”I presided over the first tobacco litigation for about 10 years,” he continued. “At my Senate hearing for elevation to the Court of Appeals, I conceded quite reluctantly that my language may not have been appropriate for a judicial opinion. I now wish to retract that concession and declare that it wasn’t harsh enough.”
Haddon Lee Sarokin was born in Perth Amboy, N.J., on Nov. 25, 1928, to Samuel and Reebe Sarokin. His father published small local newspapers and a state industrial directory, and his mother worked for the newspapers.
He graduated from Dartmouth College and, in 1953, from Harvard Law School. He was a lawyer for Union County, N.J., in the 1960s but was primarily in private practice until, appointed by President Jimmy Carter, he joined the federal court in Newark in 1979.
His nomination to the Court of Appeals in 1994, by President Bill Clinton, had a tough time in the Senate, with Republicans accusing him of being an irresponsible, soft-on-crime liberal, but it was ultimately approved. Those criticisms surfaced again in 1996, when Judge Sarokin was among several judges who became campaign fodder for Republicans when Mr. Clinton ran for a second term.

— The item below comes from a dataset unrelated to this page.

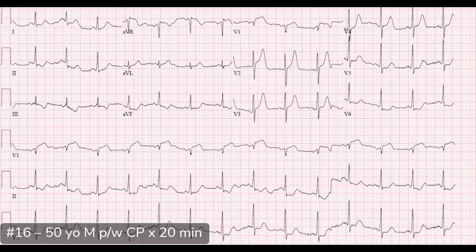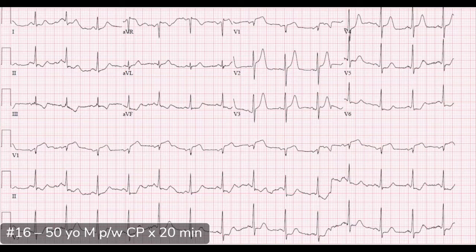This ECG was sent to us by one of our recent graduates and one of our senior residents working at a community site. There's a proud papa in Dr. Cooper for this one. So this is a sinus rhythm with a normal rate, normal axis, and normal intervals. The real meat and potatoes of the ECG is when we start looking at ischemic changes.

He announced that June that he was resigning from the bench. “I see my life’s work and reputation being disparaged on an almost daily basis,” he said at the time, “and I find myself unable to ignore it.”
He denied judicial colleagues’ speculation that his decision was also related to their rejection of what a court administrator called his “extremely unusual” request that he be allowed to move to California, where his children and grandchildren lived, and to commute to the Philadelphia court as needed.
Settling in the San Diego area, Judge Sarokin became a private mediator and arbitrator and wrote commentary on legal and political matters for his own blog and later for HuffPost. He also wrote several plays, staged by a local repertory theater. which addressed issues of social justice and civil rights.